After The Funeral: a Hercule Poirot mystery by Agatha Christie
Richard Abernathie’s death at 68 was not exactly unexpected, as he had been sick for a while. Still, his long-estranged (she married an artist. Not our sort, you know?) younger sister Cora manages to scandalize everyone when she says that it was murder. No one takes the idea seriously, until the day after Cora gets home from the funeral, when she is herself murdered, with a hatchet.
There’s no shortage of potential suspects, but no real motive. Cora wasn’t exactly wealthy, for all that she inherited a share of Richard’s estate. Of course, now that she’s dead, everyone else who inherited stands to gain a larger share. And if Richard was murdered it had to be a member of the family. Mr. Entwhistle, the family solicitor, has a friend, a certain M. Poirot.

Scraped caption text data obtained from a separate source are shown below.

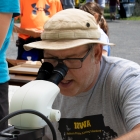 A participate uses a microscope during the third annual BioBlitz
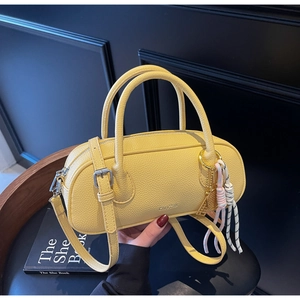 Detail of yellow lychee texture boston bag with dual handles and woven rope accessory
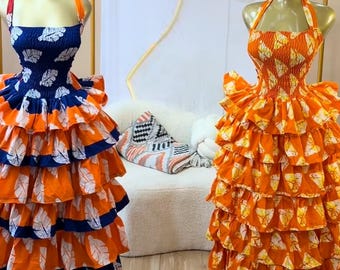 Könnte beinhalten: Zwei ärmellose Kleider auf Schaufensterpuppen. Das linke Kleid hat ein blaues Oberteil mit weißen Blattmustern und orangefarbenen Stufenrüschen. Das rechte Kleid ist komplett orange mit weißen Blattmustern, Neckholder und vielen Rüschen.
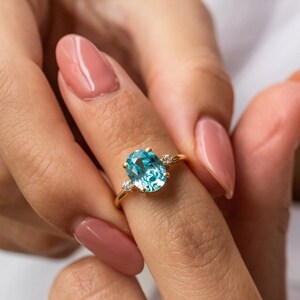 May include: A gold ring with a large oval blue gemstone and two smaller round clear gemstones. The ring is on a finger.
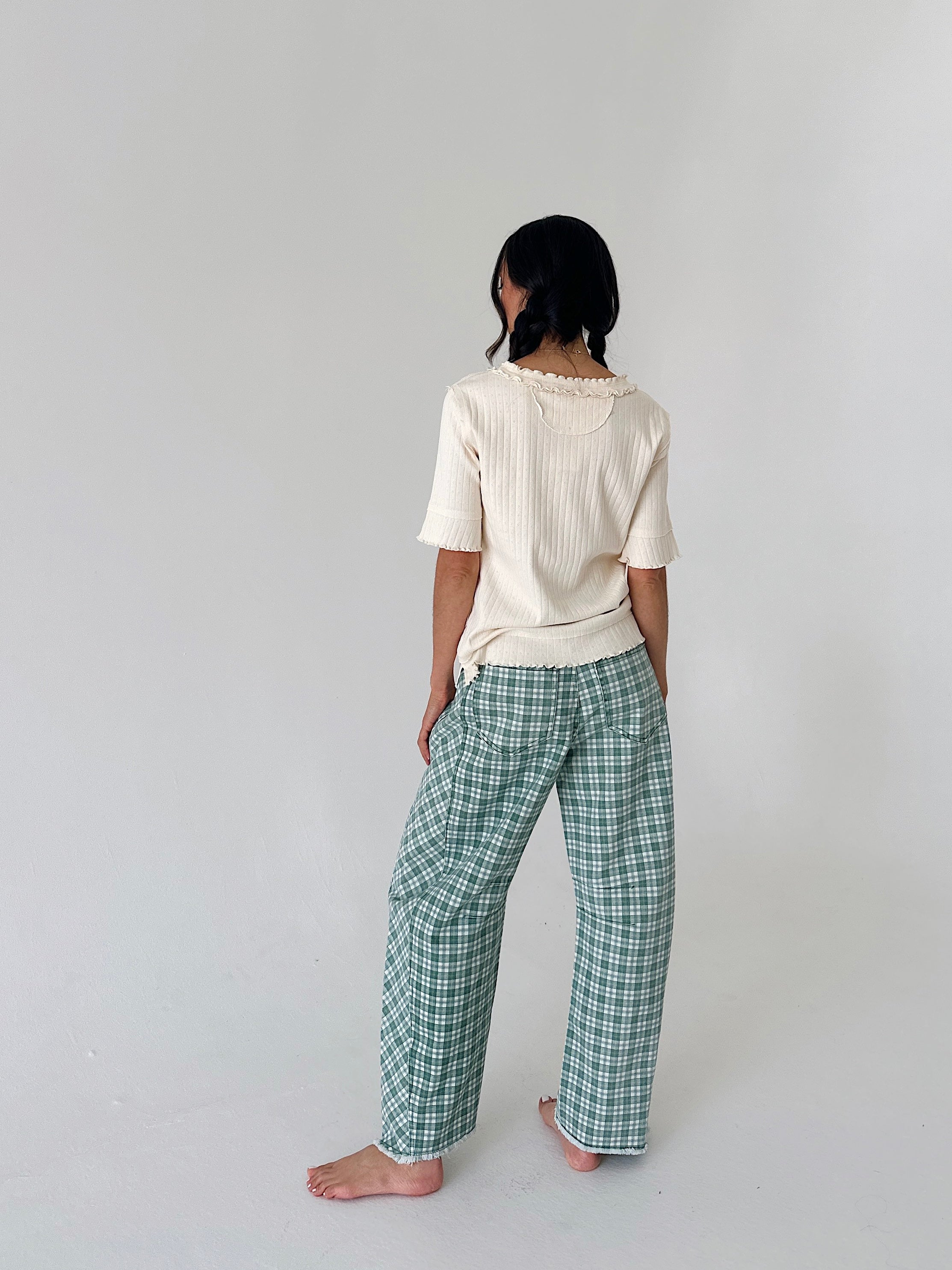 A woman stands barefoot against a plain light gray studio background, viewed from the back. She is wearing a cream ribbed short-sleeve top and green-and-white plaid pants.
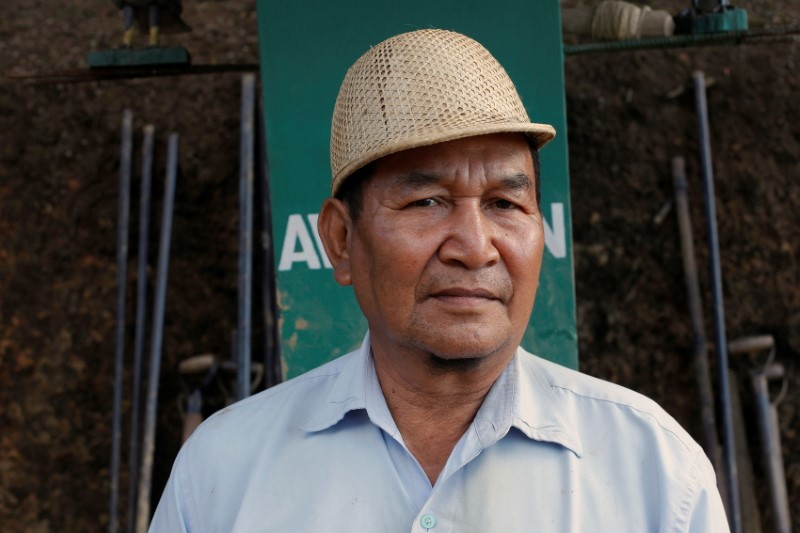 Ziona posa para foto em 2011 no vilarejo de Baktawng, na Índia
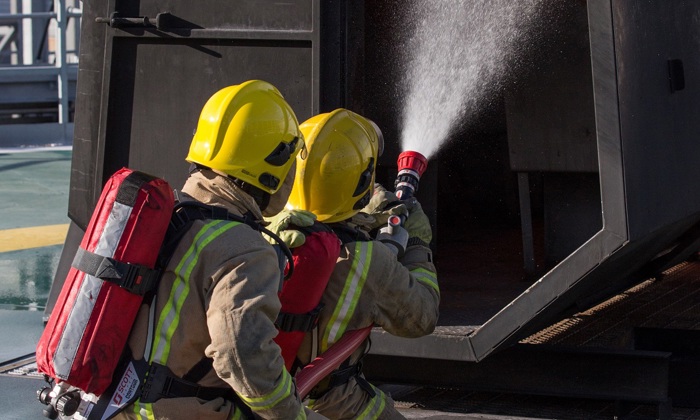 Bomberos con cascos amarillos y equipo de protección rocían agua en una estructura en llamas durante un ejercicio de entrenamiento.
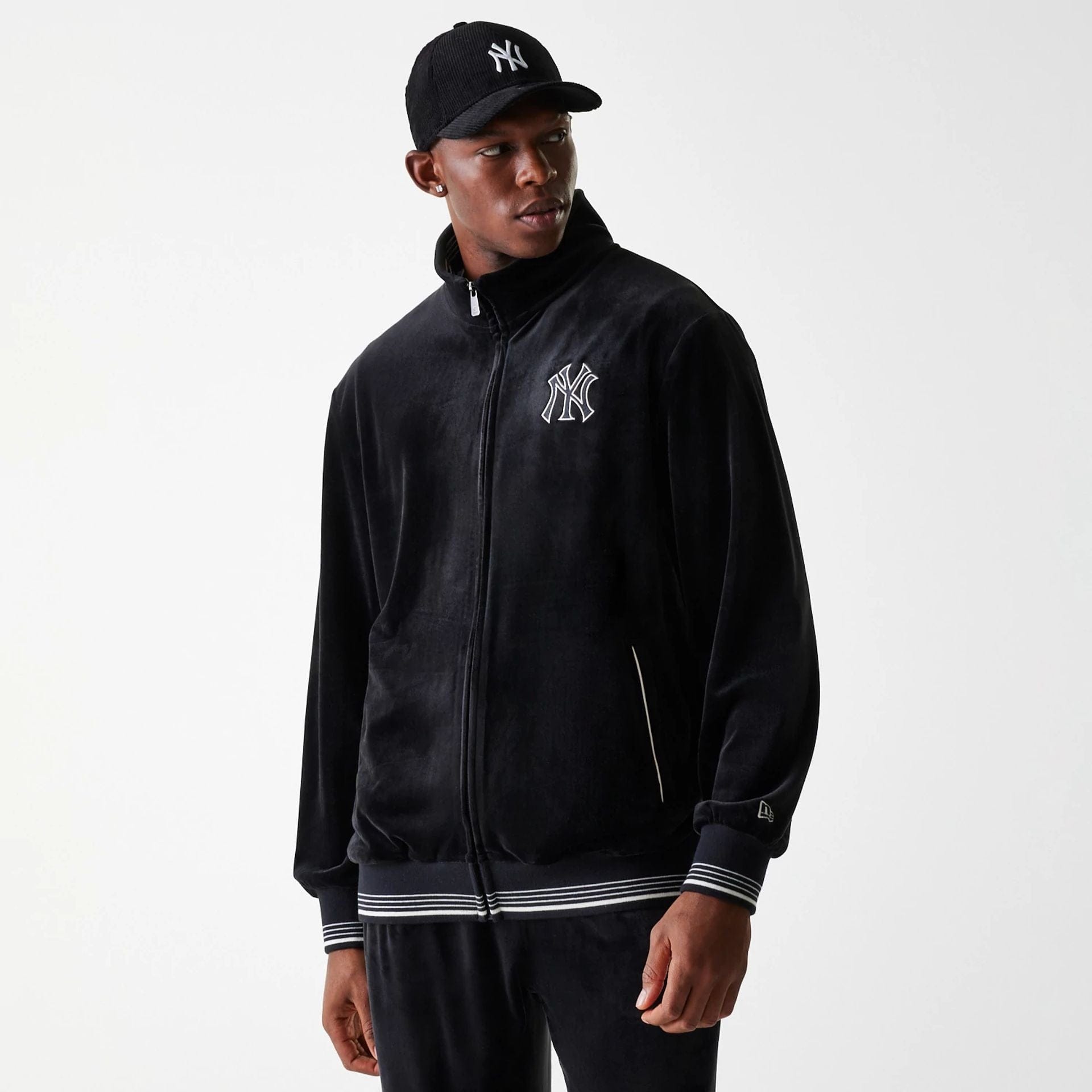 The Male model is wearing New York Yankees MLB Velour Black Track Top 3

He’s mostly retired now, but he’d help out an old friend, wouldn’t he?
This is late-period Poirot, 1953. It is over 80 pages before the detective himself appears, and almost 150 pages before we see him detecting. The reveal, when it comes, is unexpected but not unhinted-at; as with many stories it will have you looking back and going, “Oh, so that’s why . . .”. And it makes sense. And Christie, again, doesn’t cheat to get there.